The existing measures are Socio-economic class (NS-SEC), state school, and low participation neighbourhoods, all of which are derived entirely from the HESA data provided by institutions. SEC in particular is troublesome and getting more troublesome, because applicants are increasingly unwilling to answer questions about their (or their parents') occupations, or they answer them untruthfully because they think that middle-class parentage will count against them in the admissions process. Whether or not you went to state school is fairly uninformative about social disadvantage. The postcode data are easy to collect but, especially in London, there are weaknesses where rich and poor people live too close together.

From my perspective, through, the main weaknesses of the existing data are their poor coverage of PT students and mature FT entrants. PT entrants will not usually pass through UCAS so the SEC data are not usually collected, whilst neighbourhood data is particularly unreliable if it describes the area where you currently live rather than the area where you were brought up. The FSM measure will be even worse for this group than our current approaches, though, because matching to decade-or-more-old schools data will be effectively impossible.

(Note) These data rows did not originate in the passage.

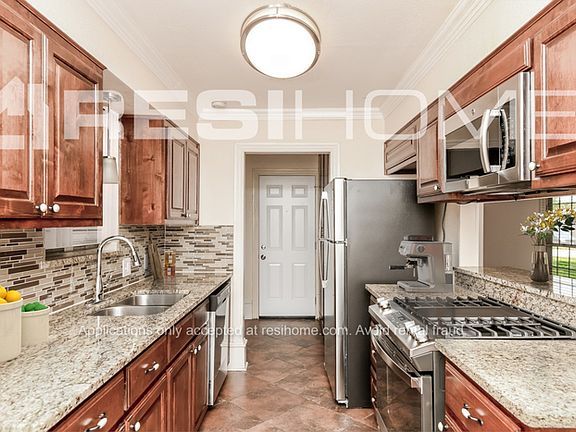 3rd image of 5908 Westcrest Dr W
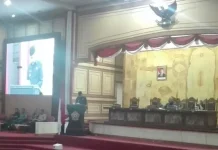 Sampaikan LKPJ 2016 ke DPRD, Nur Alam Sebut Kinerja Pemerintah Memuaskan Sampaikan LKPJ 2016 ke DPRD, Nur Alam Sebut Kinerja Pemerintah Memuaskan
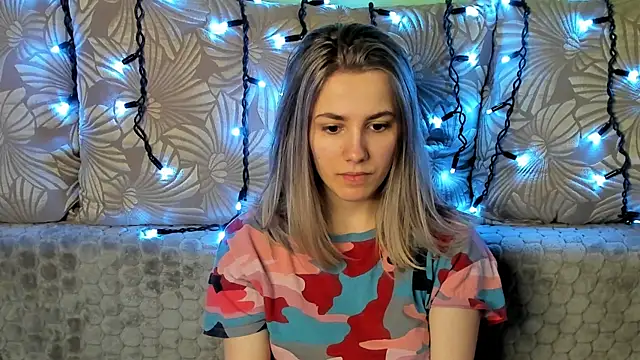 MaggieCake online show from 7, 3, 2025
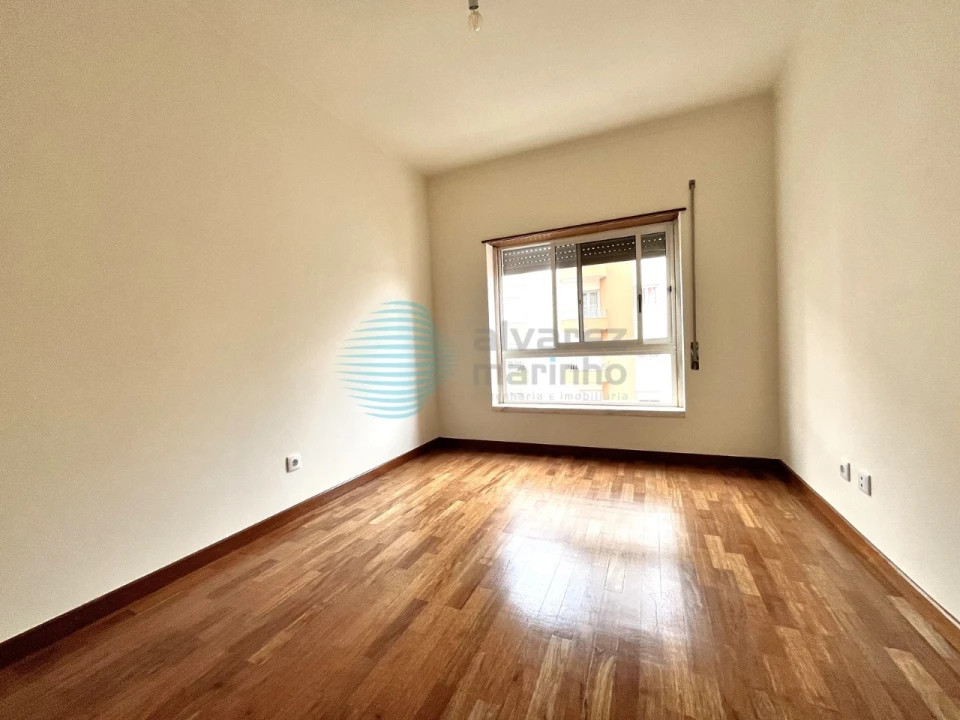 Apartamento T3 para Arrendamento em Santa Maria, São Pedro e Matacães Foto 11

Young FT entrants are obviously an important group, but so are mature and PT entrants, and so often the young full timers seem to hog all the limelight. The mature and PT entrants are not like the young entrants, in particular they are from different ethnic and social groups - precisely the kinds of differences that should be relevant to WP policy. If the published data concentrate even more attention on young students, that cannot lead to good policy making.

A second problem relates to transparency. Rightly, the schools data is not going to be shared with institutions, so we will not know which of our students are FSM or not-FSM. This will be a big frustration to university managers who can currently tell pretty easily who their WP students are - at l;east among that young FT group.

Given the increasing weakness of the NS-SEC data, FSM may be the right solution. I suppose my hesitation is that I see it as a solution to the wrong problem.